[Exercise material — start]
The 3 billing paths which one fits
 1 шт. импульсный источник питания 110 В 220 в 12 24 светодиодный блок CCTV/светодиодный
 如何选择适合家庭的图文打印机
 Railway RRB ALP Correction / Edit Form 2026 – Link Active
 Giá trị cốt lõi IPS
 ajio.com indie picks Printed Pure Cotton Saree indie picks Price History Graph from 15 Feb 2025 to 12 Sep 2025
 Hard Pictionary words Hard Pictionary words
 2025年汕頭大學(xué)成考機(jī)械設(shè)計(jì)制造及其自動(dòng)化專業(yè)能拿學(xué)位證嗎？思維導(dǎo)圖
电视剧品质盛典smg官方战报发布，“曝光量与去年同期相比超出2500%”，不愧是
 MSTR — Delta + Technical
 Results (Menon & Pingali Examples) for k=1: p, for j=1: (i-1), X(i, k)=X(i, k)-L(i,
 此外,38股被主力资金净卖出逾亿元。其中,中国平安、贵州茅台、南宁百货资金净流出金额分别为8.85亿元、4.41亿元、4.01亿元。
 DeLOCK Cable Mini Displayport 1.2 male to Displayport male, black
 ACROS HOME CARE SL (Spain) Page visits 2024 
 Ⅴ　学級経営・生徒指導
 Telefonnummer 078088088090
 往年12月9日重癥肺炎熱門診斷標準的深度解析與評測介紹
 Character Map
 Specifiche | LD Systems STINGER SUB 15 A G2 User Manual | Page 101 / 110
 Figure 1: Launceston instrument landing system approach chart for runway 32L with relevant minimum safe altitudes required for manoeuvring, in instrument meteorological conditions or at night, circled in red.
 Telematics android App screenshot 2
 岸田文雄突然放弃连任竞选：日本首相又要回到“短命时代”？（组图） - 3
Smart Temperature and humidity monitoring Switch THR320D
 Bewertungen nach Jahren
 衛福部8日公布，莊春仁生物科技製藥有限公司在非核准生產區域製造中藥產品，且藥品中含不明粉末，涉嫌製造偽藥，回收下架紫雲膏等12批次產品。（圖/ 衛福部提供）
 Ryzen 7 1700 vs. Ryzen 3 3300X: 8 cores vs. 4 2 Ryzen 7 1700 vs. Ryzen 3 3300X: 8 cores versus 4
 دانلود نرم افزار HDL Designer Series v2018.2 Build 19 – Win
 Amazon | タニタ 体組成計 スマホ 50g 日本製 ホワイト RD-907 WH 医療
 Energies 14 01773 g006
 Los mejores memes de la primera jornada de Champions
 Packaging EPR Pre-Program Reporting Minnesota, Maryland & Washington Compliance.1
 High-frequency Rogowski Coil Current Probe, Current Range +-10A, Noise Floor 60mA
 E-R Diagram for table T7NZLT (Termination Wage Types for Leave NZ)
[Exercise material — finish]
Try it: Look back at the data above. Transcribe exactly the lines starting at the line that contains "Bewertungen nach Jahren" and ending at the line that contains "High-frequency Rogowski Coil".

Written response:
 Bewertungen nach Jahren
 衛福部8日公布，莊春仁生物科技製藥有限公司在非核准生產區域製造中藥產品，且藥品中含不明粉末，涉嫌製造偽藥，回收下架紫雲膏等12批次產品。（圖/ 衛福部提供）
 Ryzen 7 1700 vs. Ryzen 3 3300X: 8 cores vs. 4 2 Ryzen 7 1700 vs. Ryzen 3 3300X: 8 cores versus 4
 دانلود نرم افزار HDL Designer Series v2018.2 Build 19 – Win
 Amazon | タニタ 体組成計 スマホ 50g 日本製 ホワイト RD-907 WH 医療
 Energies 14 01773 g006
 Los mejores memes de la primera jornada de Champions
 Packaging EPR Pre-Program Reporting Minnesota, Maryland & Washington Compliance.1
 High-frequency Rogowski Coil Current Probe, Current Range +-10A, Noise Floor 60mA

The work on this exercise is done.